NY Republicans erupt over ‘insulting’ US Senate plan to keep $10K SALT cap
ALBANY (TNS) — A plan championed by Republicans from New York in Congress to quadruple the current $10,000 cap on the federal deductibility of state and local taxes was rejected Monday in an alternative spending proposal from the U.S. Senate.
That sets up what could be a sticking point among Republicans in the two chambers on President Donald J. Trump’s spending agenda, called the “One Big Beautiful Bill.”
Republicans in Congress from New York spent a significant amount of political capital negotiating a version of the bill that would raise the cap to $40,000 after weeks of disagreement among their colleagues in the House.
But the Senate’s version of the spending plan released Monday would keep that cap at $10,000. U.S. Rep. Mike Lawler, a Republican who represents part of the lower Hudson Valley, said that’s a nonstarter.
“After engaging in good faith negotiations, we were able to increase the cap on SALT from $10,000 to $40,000,” Lawler said. “That is the deal, and I will not accept a penny less. If the Senate reduces the SALT number, I will vote no, and the bill will fail in the House.”
Republicans hold a slim majority in Lawler’s chamber, creating a situation in which the seven members of that party from New York could block the bill if they unite against it.
U.S. Rep. Nicole Malliotakis called the Senate’s response to their proposal “insulting.” She’s the lone Republican who represents part of New York City, which has its own income tax on top of what’s collected by the state.
“For the Senate to leave the SALT deduction capped at $10,000 is not only insulting but a slap in the face to the Republican districts that delivered our majority and trifecta,” said Malliotakis, referring to her party’s control of both chambers of Congress and the White House.

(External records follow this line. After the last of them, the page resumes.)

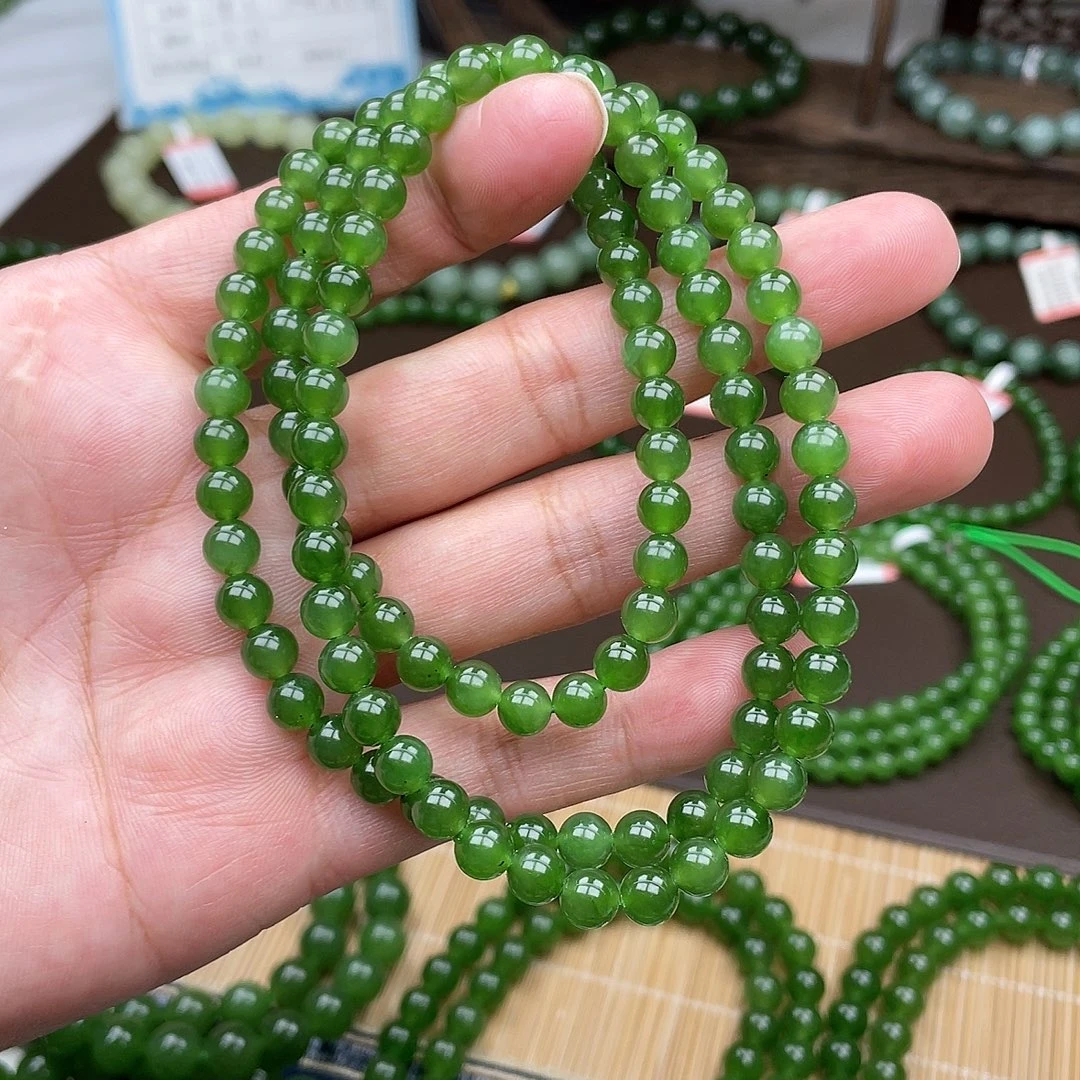 和田玉未镶嵌颈饰辣阳绿卡6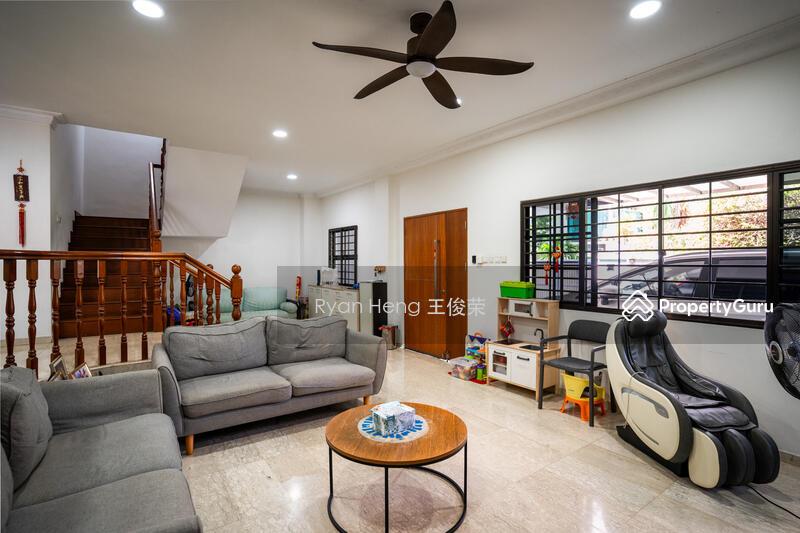 Open House! Priced to Sell! Rare Gem: 3 Sty Semi-D - Close to MRT, Wide Frontage & Huge Land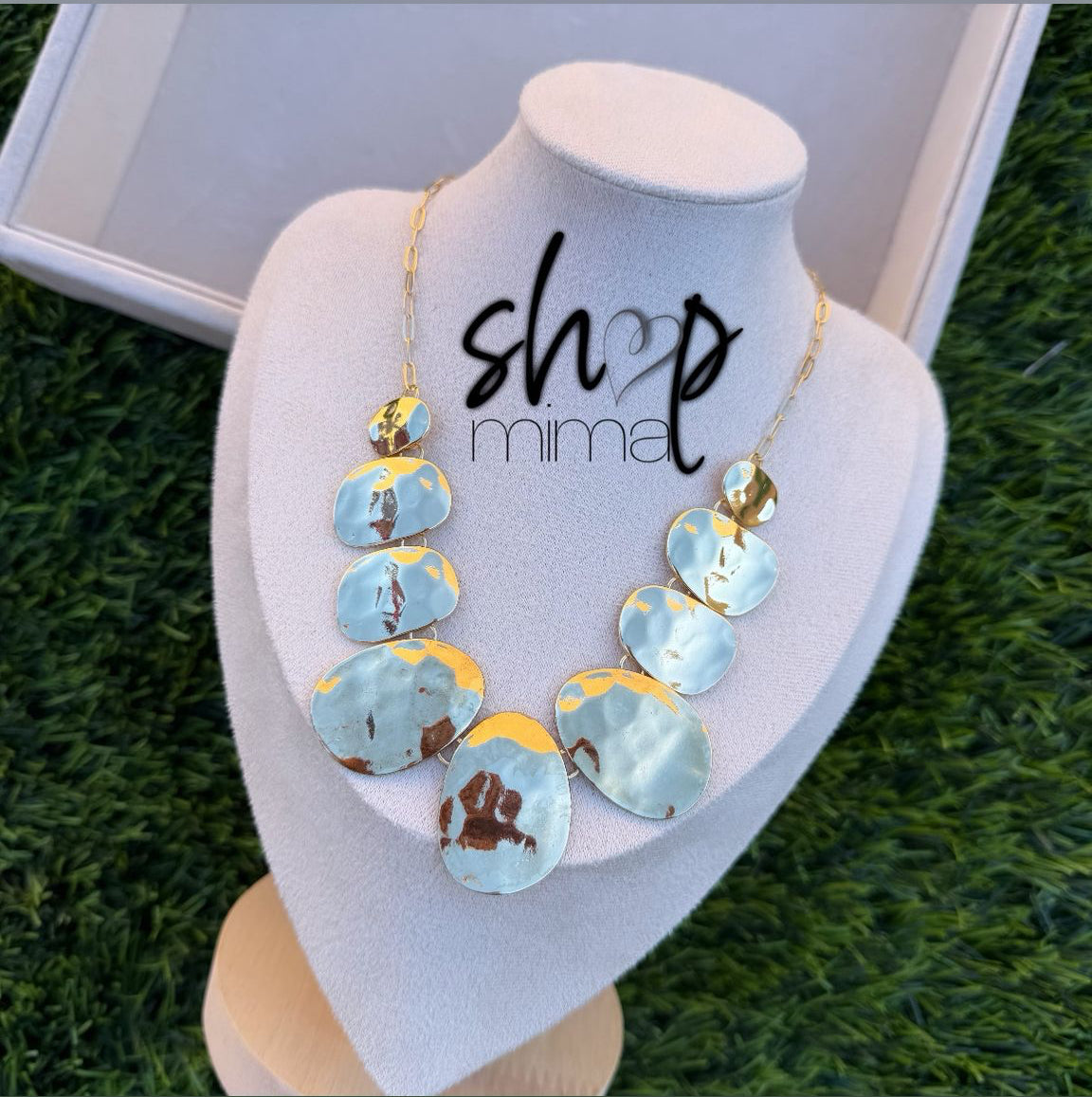 PLATOS LUXURY NECKLACE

While both were key players in negotiating their chamber’s proposal, they were not alone.
U.S. Rep. Elise Stefanik, the most powerful Republican from New York who’s part of House leadership, helped broker the compromise that led to the proposal. Stefanik is a close ally of Trump, who vowed on the campaign trail that he would “get SALT back.”
Stefanik is one of just two Republicans in New York’s delegation in Congress, the other being U.S. Rep. Claudia Tenney, who voted to impose the current $10,000 cap back in 2017.
That’s when federal lawmakers passed the Tax Cuts and Jobs Act, the major tax bill ushered through Congress during Trump’s first term. The lower cap was traded for tax cuts across the board, including those for high-income earners and businesses.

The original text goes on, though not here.